6.    Operating Expenses. Landlord acknowledges and agrees that Tenant’s obligation to pay Tenant’s percentage share of Operating Expenses (as that term is defined in Paragraph 12 of the Original Lease) for the Premises shall commence on October 1, 2018. With respect to any such Operating Expenses allocable to any period prior to October 1, 2018, Landlord acknowledges and agrees that Landlord shall be solely responsible for all such Operating Expenses for the Building, at Landlord’s sole cost and expense, and Tenant shall not be charged any such Operating Expenses relating to such period.

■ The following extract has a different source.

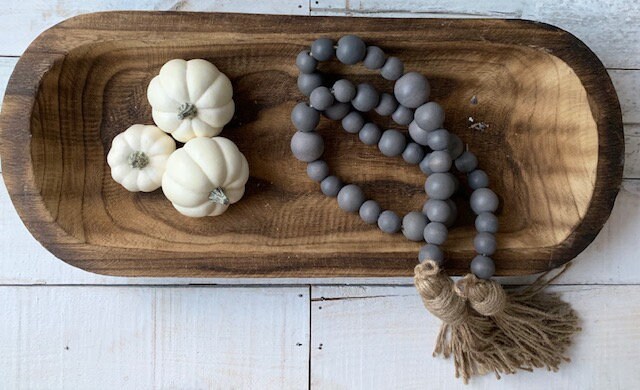 Wood Beads Garland – Southern Swag Farmhouse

7.    Condition of Premises.
(a)     Acceptance. Tenant has inspected the Premises, has been in occupancy and possession of the same since the Commencement Date (i.e., September 17, 2018), and, except as expressly stated in this First Amendment and subject to the Landlord’s express obligations herein, agrees that Landlord has delivered (and Tenant has accepted) the same in accordance with the terms and conditions of the Lease.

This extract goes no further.